好半晌,才發現那日本軍官並沒有走,一直站在那兒望著我們發愣。等我們哭聲稍歇,他就
跳進山溝,把小弟拉到他身邊,我們以為他要擄走小弟,又都驚恐的撲過去抓小弟,誰知,
他卻用手帕拭去了小弟的淚痕,轉頭問母親:
    「他幾歲?」
    母親顫聲回答:「四歲。」那軍官仰頭看了看遙遠的雲天,若有所思的輕聲說了句:
    「我兒子和他一樣大!」
    說完,他轉身走出山溝,手一揮,帶著他的隊伍,頭也不回的走了。我們驚魂未定,實
在不相信就這樣度過了一場大難。
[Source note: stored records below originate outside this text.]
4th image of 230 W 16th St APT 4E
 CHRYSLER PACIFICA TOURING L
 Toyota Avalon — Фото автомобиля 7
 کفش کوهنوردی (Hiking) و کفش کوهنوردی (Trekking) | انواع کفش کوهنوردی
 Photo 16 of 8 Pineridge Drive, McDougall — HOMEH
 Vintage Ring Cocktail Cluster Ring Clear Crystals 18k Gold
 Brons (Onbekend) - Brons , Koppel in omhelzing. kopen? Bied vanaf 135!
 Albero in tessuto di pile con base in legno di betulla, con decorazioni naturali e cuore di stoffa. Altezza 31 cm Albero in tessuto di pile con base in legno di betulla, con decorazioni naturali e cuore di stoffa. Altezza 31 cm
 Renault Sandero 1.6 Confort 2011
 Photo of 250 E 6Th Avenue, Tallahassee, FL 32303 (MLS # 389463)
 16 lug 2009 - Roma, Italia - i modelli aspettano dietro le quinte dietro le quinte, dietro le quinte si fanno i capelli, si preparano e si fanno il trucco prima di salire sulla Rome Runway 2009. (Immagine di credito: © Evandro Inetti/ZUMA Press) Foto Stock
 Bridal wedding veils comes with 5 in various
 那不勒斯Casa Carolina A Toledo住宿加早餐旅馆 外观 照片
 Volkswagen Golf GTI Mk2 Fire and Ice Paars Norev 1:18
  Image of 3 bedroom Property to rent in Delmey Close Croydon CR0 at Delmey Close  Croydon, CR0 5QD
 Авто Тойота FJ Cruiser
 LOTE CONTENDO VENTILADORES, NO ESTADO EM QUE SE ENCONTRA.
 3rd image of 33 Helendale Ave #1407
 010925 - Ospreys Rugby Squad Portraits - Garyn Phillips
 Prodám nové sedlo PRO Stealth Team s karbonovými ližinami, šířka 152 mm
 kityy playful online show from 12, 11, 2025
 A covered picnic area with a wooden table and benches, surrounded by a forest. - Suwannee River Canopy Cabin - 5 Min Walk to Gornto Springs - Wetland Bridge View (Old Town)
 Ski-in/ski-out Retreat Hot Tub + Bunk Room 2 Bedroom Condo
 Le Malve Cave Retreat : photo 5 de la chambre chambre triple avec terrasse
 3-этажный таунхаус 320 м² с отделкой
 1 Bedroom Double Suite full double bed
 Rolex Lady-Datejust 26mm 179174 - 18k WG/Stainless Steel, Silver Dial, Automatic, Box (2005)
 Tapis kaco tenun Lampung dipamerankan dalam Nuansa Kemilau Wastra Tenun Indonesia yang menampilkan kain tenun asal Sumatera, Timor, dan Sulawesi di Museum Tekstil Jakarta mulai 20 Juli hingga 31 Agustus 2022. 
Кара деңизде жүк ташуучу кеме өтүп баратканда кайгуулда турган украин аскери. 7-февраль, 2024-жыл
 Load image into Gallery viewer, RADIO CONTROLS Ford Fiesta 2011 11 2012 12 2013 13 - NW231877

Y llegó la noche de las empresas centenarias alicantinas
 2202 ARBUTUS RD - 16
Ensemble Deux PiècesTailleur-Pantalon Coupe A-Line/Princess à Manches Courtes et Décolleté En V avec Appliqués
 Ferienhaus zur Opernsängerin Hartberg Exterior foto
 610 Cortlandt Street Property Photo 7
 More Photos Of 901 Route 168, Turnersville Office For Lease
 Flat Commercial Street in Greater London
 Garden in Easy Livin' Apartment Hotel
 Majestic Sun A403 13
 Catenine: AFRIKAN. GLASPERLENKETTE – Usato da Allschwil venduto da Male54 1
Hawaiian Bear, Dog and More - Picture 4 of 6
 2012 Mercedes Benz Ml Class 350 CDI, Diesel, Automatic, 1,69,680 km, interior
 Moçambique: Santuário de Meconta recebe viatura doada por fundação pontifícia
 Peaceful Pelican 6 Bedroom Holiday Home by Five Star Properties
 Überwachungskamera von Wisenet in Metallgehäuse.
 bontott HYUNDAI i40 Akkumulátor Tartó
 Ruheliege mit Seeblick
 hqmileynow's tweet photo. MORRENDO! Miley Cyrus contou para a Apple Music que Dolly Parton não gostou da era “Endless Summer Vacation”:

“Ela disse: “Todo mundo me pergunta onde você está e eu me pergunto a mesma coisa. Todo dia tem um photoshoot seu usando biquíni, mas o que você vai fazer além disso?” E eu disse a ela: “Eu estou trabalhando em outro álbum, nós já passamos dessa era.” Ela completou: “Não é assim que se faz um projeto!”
我那時還不能瞭解,即使是日軍,也有妻兒,也有子女,
在他們殘殺無辜的當兒,也會有幾個無法全然泯滅「人性」的軍人。這個戴眼鏡的日本軍
官,想必也是個知識分子吧!當時,父親和祖父都從山坡下爬了上來,一家人我望望你,你
望望我,剎那間已恍如隔世。父母執手相看,驚嚇未消。我們三個孩子,用手臂緊擁著父
母,仍嗚咽未已。祖父用枴杖一跺地,毅然的對父親說:
    「湖南不能待下去了。我已經老了,不拖累你們,你們還年輕,給我趁早離開!你們到
後方去,想辦法回四川去!走!一定要走!」父母和祖父在山溝中默默相對,彼此心中都明
白,大難已在眼前,分離是必然的事。只是當時,誰也無法就去面對這個事實!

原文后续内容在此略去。